The airship hatch banged open and footsteps thumped lightly in the snow to his right, followed closely by many more footsteps approaching on his left. Morayo was the first to reach him. “That’s amazing,” she said, her warm breath swirling around her face in a cloud of vapor. “How did you do that?”
“With the wisdom of many years’ experience in killing giant furry one-horned beasts.” He smiled. “Life is mysterious that way.”
“Life isn’t mysterious at all,” Riuza said dully. “Most things die when you slit their throats.” She indicated the final cut behind the one-horn’s ear. “But why is the wound cauterized?”
“What?” Morayo leaned closer and poked at the wound. “Hey, it’s all dry and hard. Feels like bacon.”
“Oil,” Omar said abruptly. “There’s a special oil on my sword. It’s an ancient Aegyptian practice. The oil burns when it mixes with blood, and seals the wound shut. It makes the internal wound worse. That’s what happened.”
Riuza frowned at him, and then looked away. “If you say so.”
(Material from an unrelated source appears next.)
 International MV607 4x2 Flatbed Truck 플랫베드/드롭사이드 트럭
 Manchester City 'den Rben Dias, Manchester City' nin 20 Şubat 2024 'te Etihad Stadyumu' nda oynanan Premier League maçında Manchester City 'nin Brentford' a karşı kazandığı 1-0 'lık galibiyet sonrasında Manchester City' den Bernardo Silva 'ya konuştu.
The other local hunters jogged up, inspected the kill, and erupted into cheers. They descended on Omar with brotherly affection, embracing him and lifting him off the ground, laughing and shouting, and roughhousing with their excited hounds. Eventually they set to work butchering the carcass, from which they offered their guests many choice cuts of meat, of which Omar accepted a few but returned most, encouraging his new friends to enjoy the bounty on his behalf. They were happy to oblige him.
The rest of the afternoon passed quietly as some of the merchants shuffled back out to try to sell their stones and furs. Riuza and Morayo refilled the boiler with ice and refilled the hopper with coal bought from local miners. Meanwhile, Omar and Kosoko stood in the snow with several more elderly gentlemen, comparing maps and struggling to understand each other through the barriers of four different languages.
For supper, Omar prepared a small feast of seal steaks and one-horn ribs, an experiment that quickly proved that no one liked one-horn ribs no matter how well seasoned they were. Eventually the sun set and with no wind to power the lights, a soft darkness settled over the field. Starlight glowed on the snow on the ground as well as on the town, and Omar fell asleep with a full belly and a smile at the thought of continuing north in the morning.
Tomorrow. Tomorrow we’ll cross the Sea of Ice and we’ll see it. Ysland. Tomorrow.